Veganlık, ilk defa 1944 yılında ‘ The Vegan Society ‘nin kurucusu Donald Watson tarafından ortaya atılan ve hayvanlar alemini korumak için et, balık, tavuk vb. hayvan ürünlerini kullanmamak, bitki vb. yiyecekleri yemek demektir. Son zamanlarda adını çok sık duyduğumuz ‘ veganlık ‘ kelimesi, internet sayesinde dünya çapında çok geniş bir kitleye yayılmıştır. Bu durumun sonucunda akıllarda şu soru uyanmıştır: Veganlık gerçekten hayvanlar alemini koruyor mu, vegan olmalı mıyız?

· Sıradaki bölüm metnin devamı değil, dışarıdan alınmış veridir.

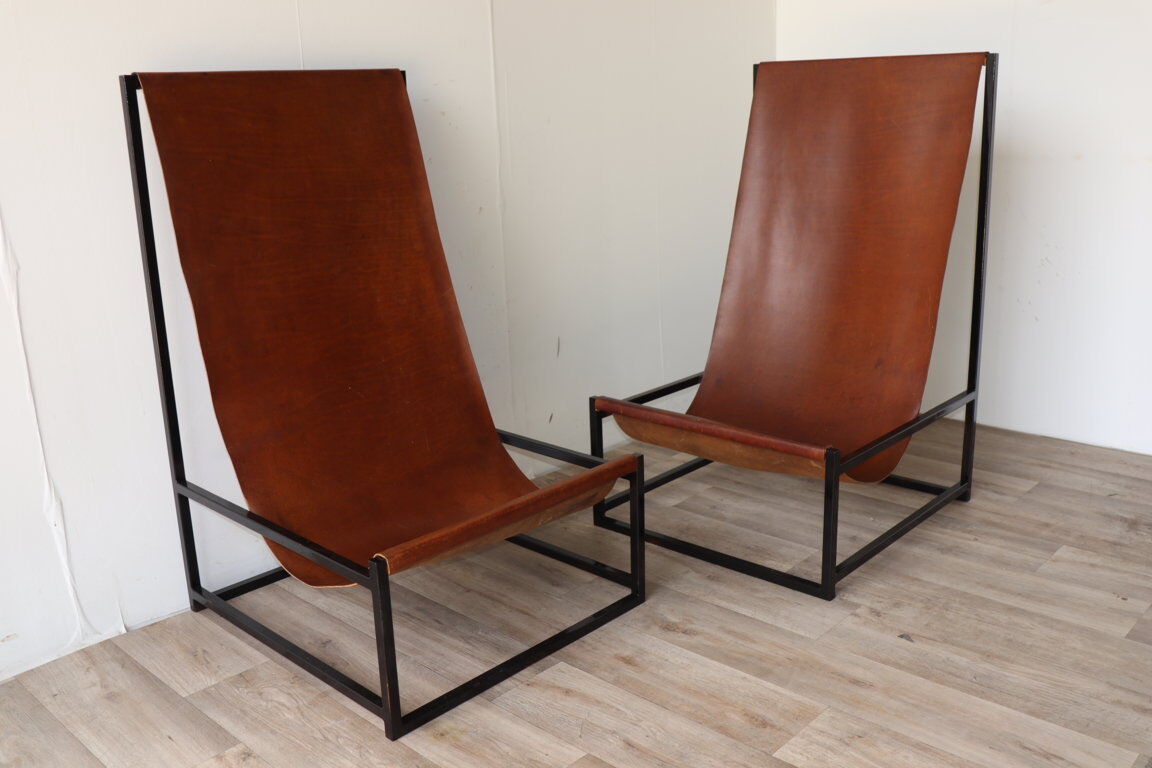 Pair of vintage armchairs in stretched leather and metal structure
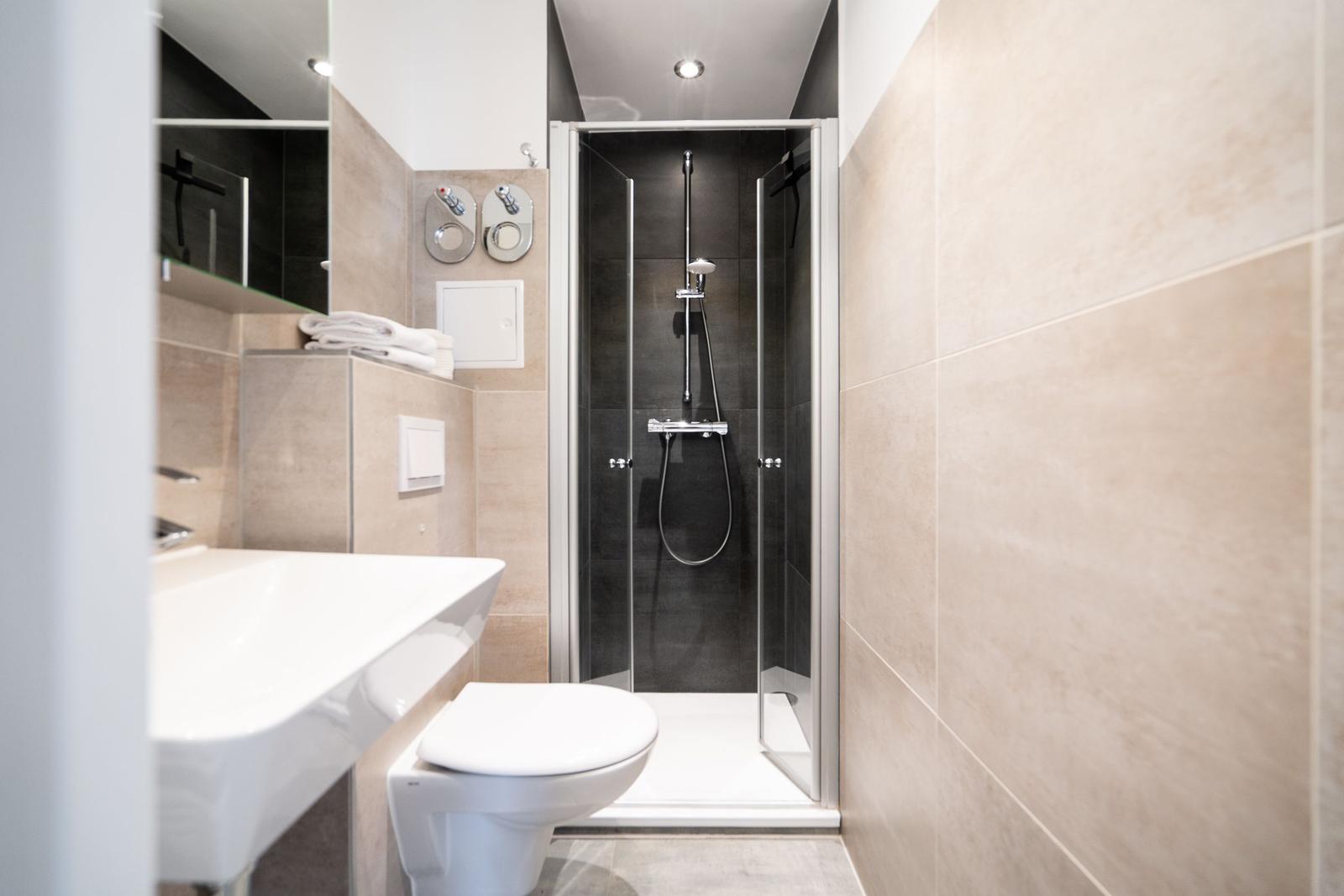 Bathroom with shower, sink, and toilet. Tiled wall and mirror visible.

Vegan insanlar sırf hayvan eti yemedikleri için kendilerini hayvanların kahramanı zannederler, vegan olmayanları ‘hayvan düşmanı ‘ olarak tanımlarlar. Vegan olmayan insanlar onlara göre cani canavarlardır, ve bu insanların veganlıkla alakalı görüşlerine saygı duymazlar. Bazı insanlar direkt vegan olup sonuna kadar veganlığı savunurken bazı popüler kültürün etkisinde kalmış diğer insanlar ise sadece popülariteye uyum sağlamak için vegan olur. Ancak bütün veganlar, insan türünün ( homo sapiens ) hepçil hayvanlar sınıfına girdiğini, et yemenin hepçil hayvanların doğasında olan bir özellik olduğunu göz ardı eder. Bitkilerin otçul veya hepçil hayvan türleri , otçul hayvanların da etçil veya hepçil hayvan türleri tarafından tüketilmesi doğada bir denge oluşturur. Eğer dünyadaki en baskın tür olan insan, sadece bitki yiyip de hayvan tüketmez ise bu denge bir anda altüst olur, dünyadaki hayvan ve bitki türleri büyük bir tehlikenin altına girmiş bulunuruz ve bu da hayvanları korumak yerine hayvanlarla birlikte ölüme doğru gitmemize neden olur. Ayrıca, insan türü dışında hiçbir türde veganlık görülmemiştir. Çünkü hayvanların hem besine ihtiyacı vardır, insanlar gibi stok yapamaz ve markete gidemez; hem de duyguları yoktur. Zaten veganlığın ortaya çıkmasındaki etkin unsurlardan biri de insanların duygulara sahip olmasıdır. Bu, sırf öylesine yemek için çok sevdiğiniz bir hayvanınızı ( evcil hayvan olma zorunluluğu yoktur) bir anda katletmek anlamına gelmez. Şefkatle, sevgiyle bağlandığınız bir hayvanı elbette kesmemeniz lazımdır. Fakat kasapta duran bir eti almayınca da hayvanların kahramanı olmazsınız.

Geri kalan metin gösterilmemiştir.